Let's assume that the hypothetical formats in question both have adequate precision for every possible use they will be put to (so that we can avoid the obvious point that the implicit integral adds more precision in most circumstances).

In one format we have an implicit integral and the requirement that all operation results must be normalized. In the other format we have an explicit integral and do not have the requirement that operation results be normalized. What are the upsides/downsides to this second format in comparison to the first format?

My first observations are that: 1) The format with the explicit integral will have multiple valid representations for a large subset of representable numbers. The format with the implicit integral will have only one valid representation for any given representable number. I don't immediately see a reason why this would be a downside, but I feel like it could be.
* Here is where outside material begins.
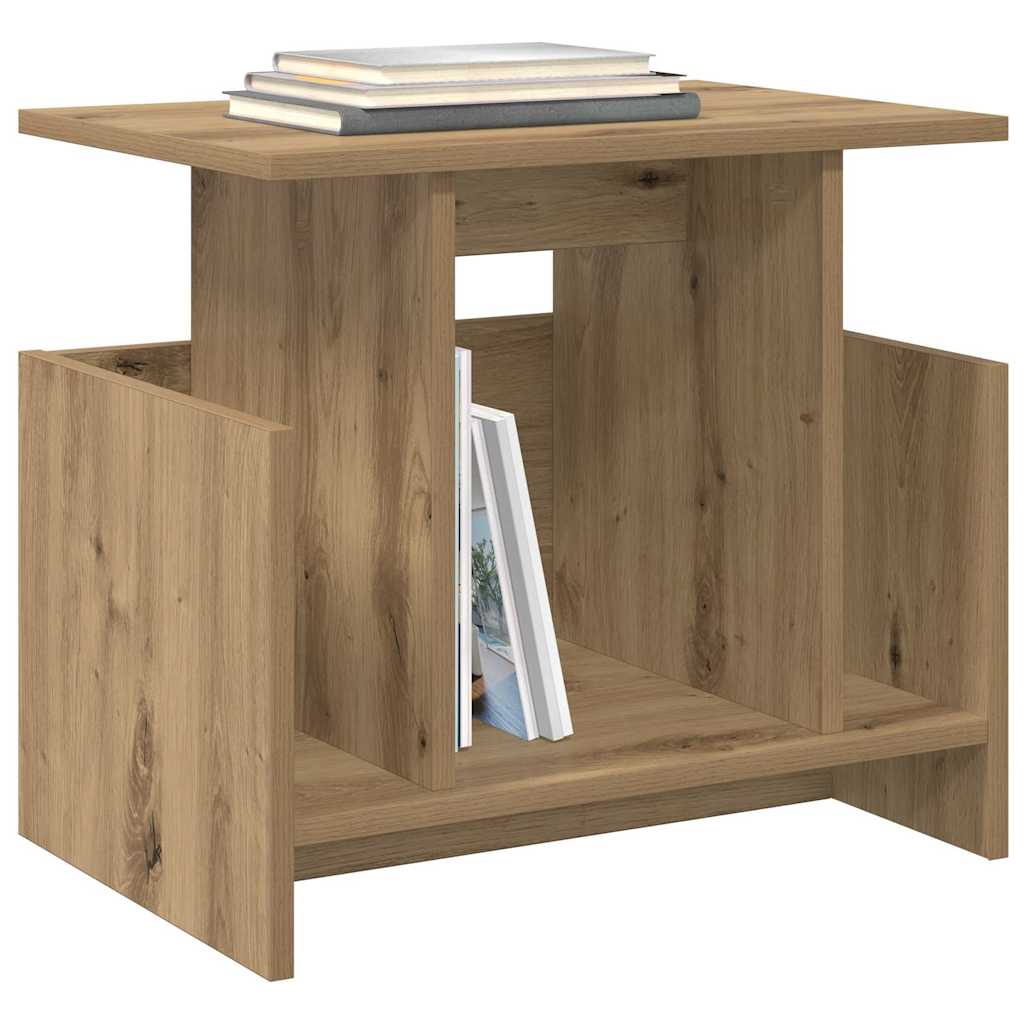 vidaXL TV Stand 2 pcs Artisan Oak Engineered Wood 3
2) The format with the explicit integral seems like it would have a marginally simpler hardware or software implementation. This doesn't look like much of an upside unless you are going for really intense performance optimizations, but it ought to be mentioned.

3) The big upside for the explicit integral is that it makes a special arrangement for subnormal numbers unnecessary. Every number that would have fallen into the not-quite-zero gap would just be another representable result with the same gap as between any other pair of results for a given exponent. It seems like this would also slightly simplify design implementations, but I don't take that as a certainty.

Is there anything obvious I'm missing? Anything non-obvious? I'm just trying to really understand this concept better from a purely theoretical CS perspective.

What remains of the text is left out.